* [TO DO]: Nothing but the lines below from the one containing "Sophia & William" through the one containing "Figurine Funko POP" should appear in the answer, exact and without pictures.

Data entries
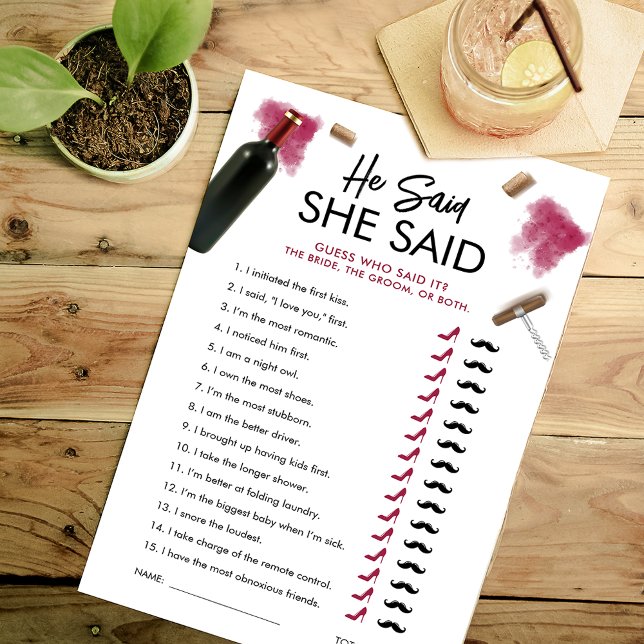 Vin Moderne – Carte de jeu « Il a dit, elle a dit  (Créateur téléchargé)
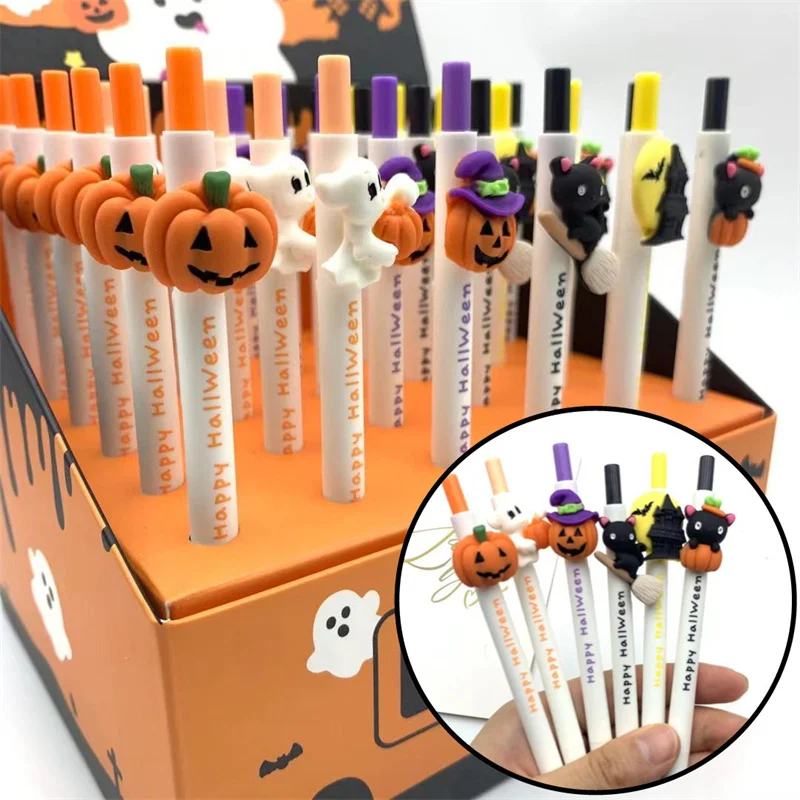 

36 Students Halloween Gel Pen Gift Christmas Cute Pumpkin Cat Ghost Press Gel Pen Black Signature Pen Learning Office Supplies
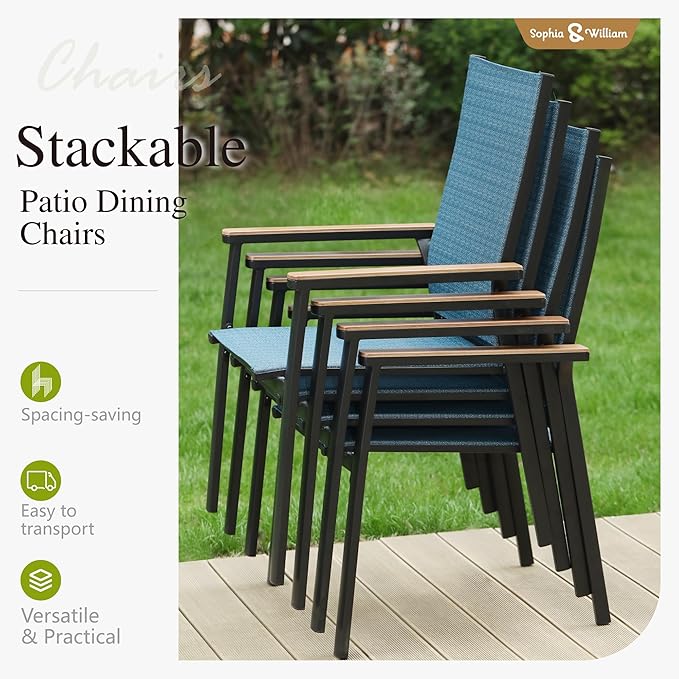 Sophia & William Round Patio Dining Set for 6 with Aluminum Chairs, Blue | Metal table, Stackable sling chairs, Breathable & quick-drying, Light-weight & space-saving, Umbrella Hole, Outdoor, 7 piece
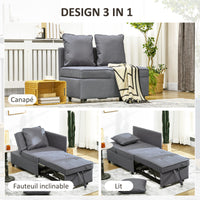 Poltrona Letto Singolo Schienale Reclinabile 98x69x65 cm Tessuto Effetto Lino Grigio Scuro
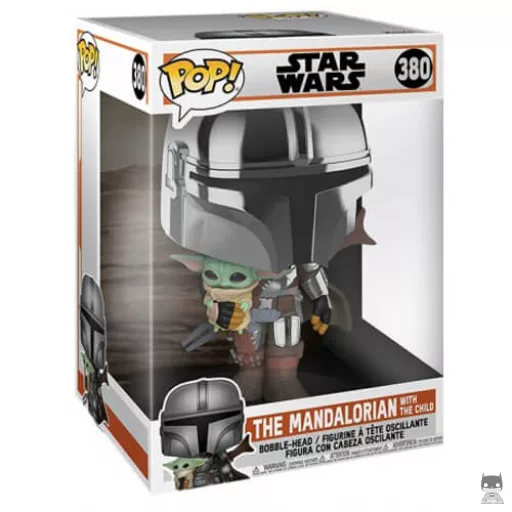 Figurine Funko POP Mandalorien avec l'Enfant (Chrome & Supersized) (Le Mandalorien (Star Wars))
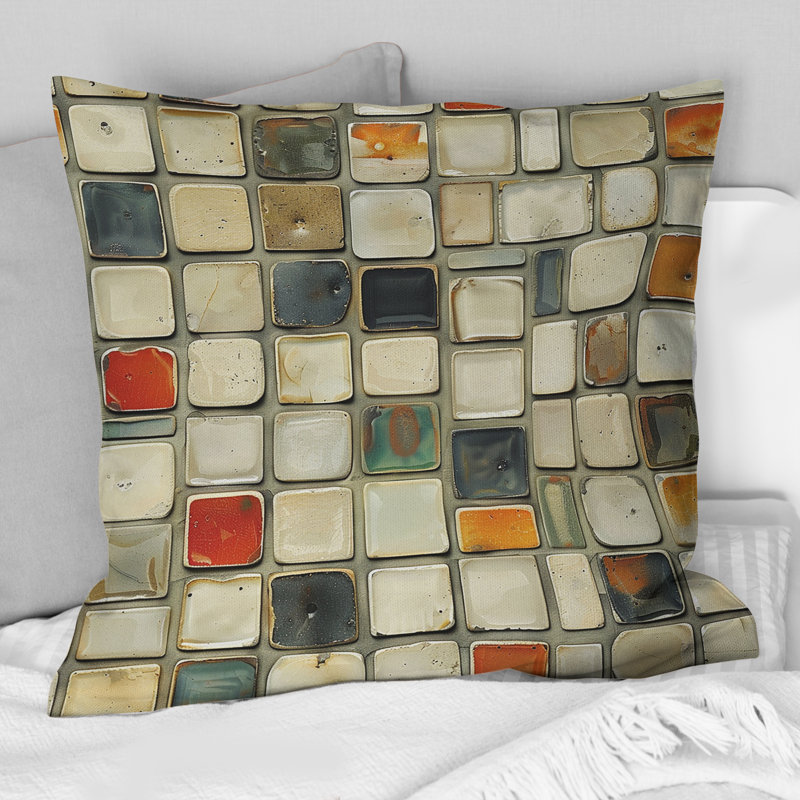 Coussin Beige clair Mid-Century Mosiac Tiles III - Mid-Century, H 18 po x l 18 po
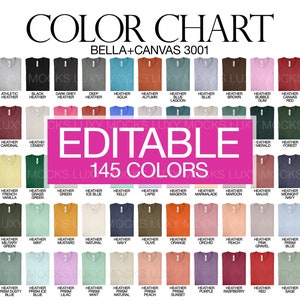 Tabla de colores editable Bella Canvas 3001 Camisas dobladas 145 archivos PNG transparentes + 30 plantillas JPEG / Maqueta de camiseta para hombres y mujeres Tabla personalizada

* [RESULT FOR THIS EXERCISE]:
 Sophia & William Round Patio Dining Set for 6 with Aluminum Chairs, Blue | Metal table, Stackable sling chairs, Breathable & quick-drying, Light-weight & space-saving, Umbrella Hole, Outdoor, 7 piece
 Poltrona Letto Singolo Schienale Reclinabile 98x69x65 cm Tessuto Effetto Lino Grigio Scuro
 Figurine Funko POP Mandalorien avec l'Enfant (Chrome & Supersized) (Le Mandalorien (Star Wars))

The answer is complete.